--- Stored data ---
□ □ □
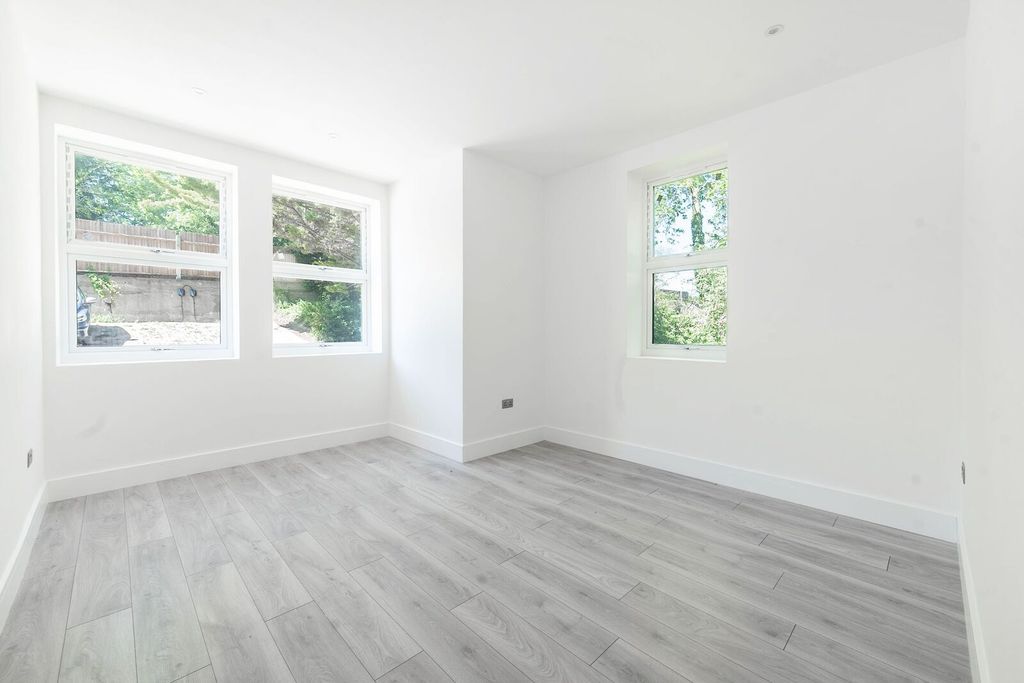 3 bed flat for saleWest End Lane, Pinner HA5 photo 2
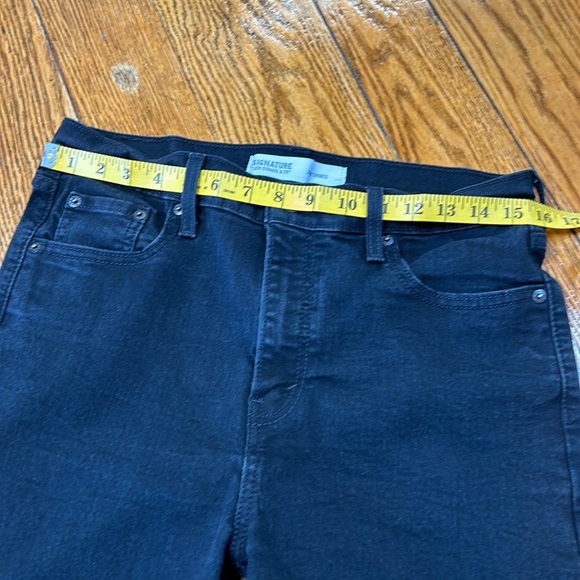 Levi’s black denim shorts. Waist 30. Great condition. - Picture 9 of 11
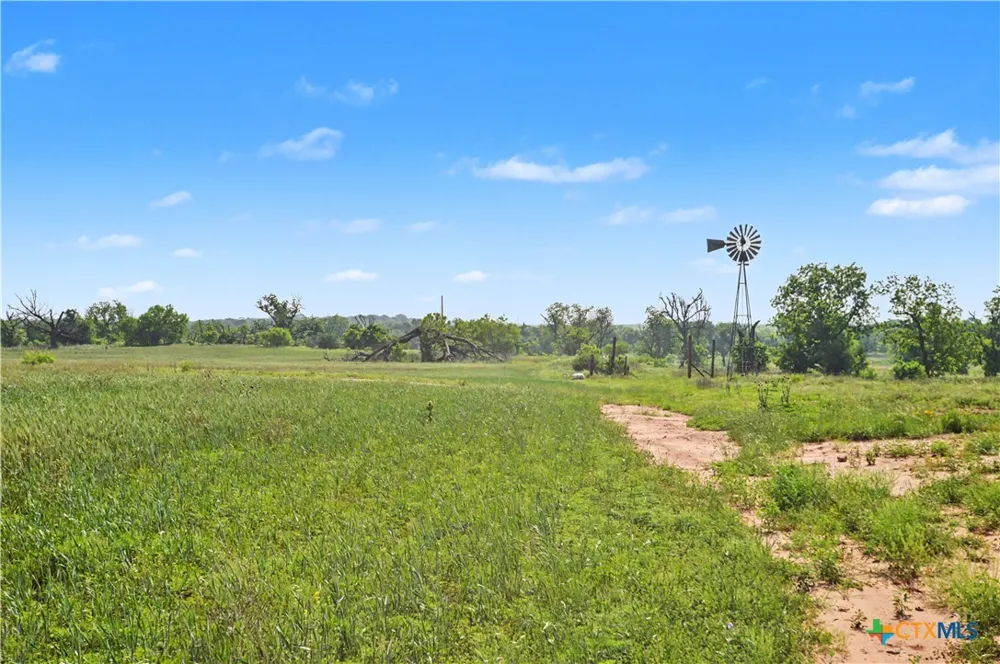 8498 CR 121 San Saba, TX 76877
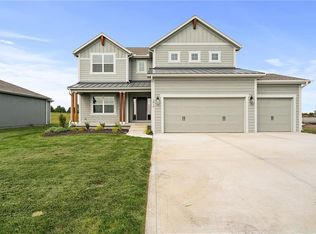 18904 Skyview Ln, Olathe, KS 66062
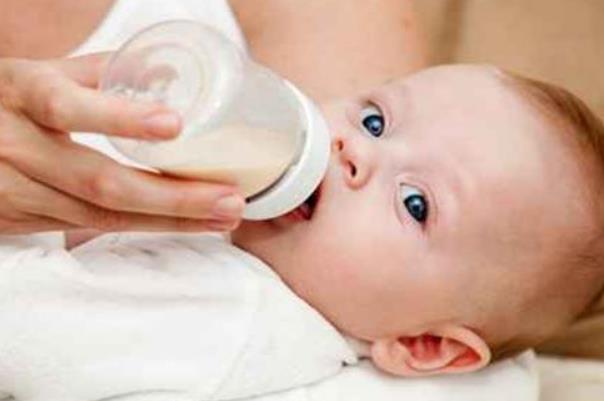 嬰兒溢奶和吐奶的區(qū)別 嬰兒溢奶是什么原因 嬰兒溢奶和吐奶的區(qū)別 嬰兒溢奶是什么原因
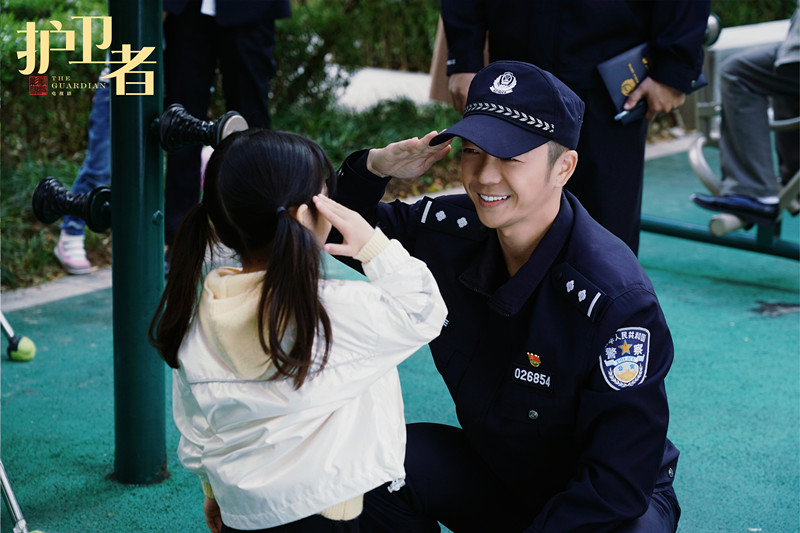 圖5 向警察叔叔敬禮！.jpg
□ □ □
--- Task ---
Leave the pictures out, and retype exactly the lines from the one containing "18904 Skyview Ln, Olathe, KS 66062" through the last line of the entries above, both included.

--- Exercise answer ---
 18904 Skyview Ln, Olathe, KS 66062
 嬰兒溢奶和吐奶的區(qū)別 嬰兒溢奶是什么原因 嬰兒溢奶和吐奶的區(qū)別 嬰兒溢奶是什么原因
 圖5 向警察叔叔敬禮！.jpg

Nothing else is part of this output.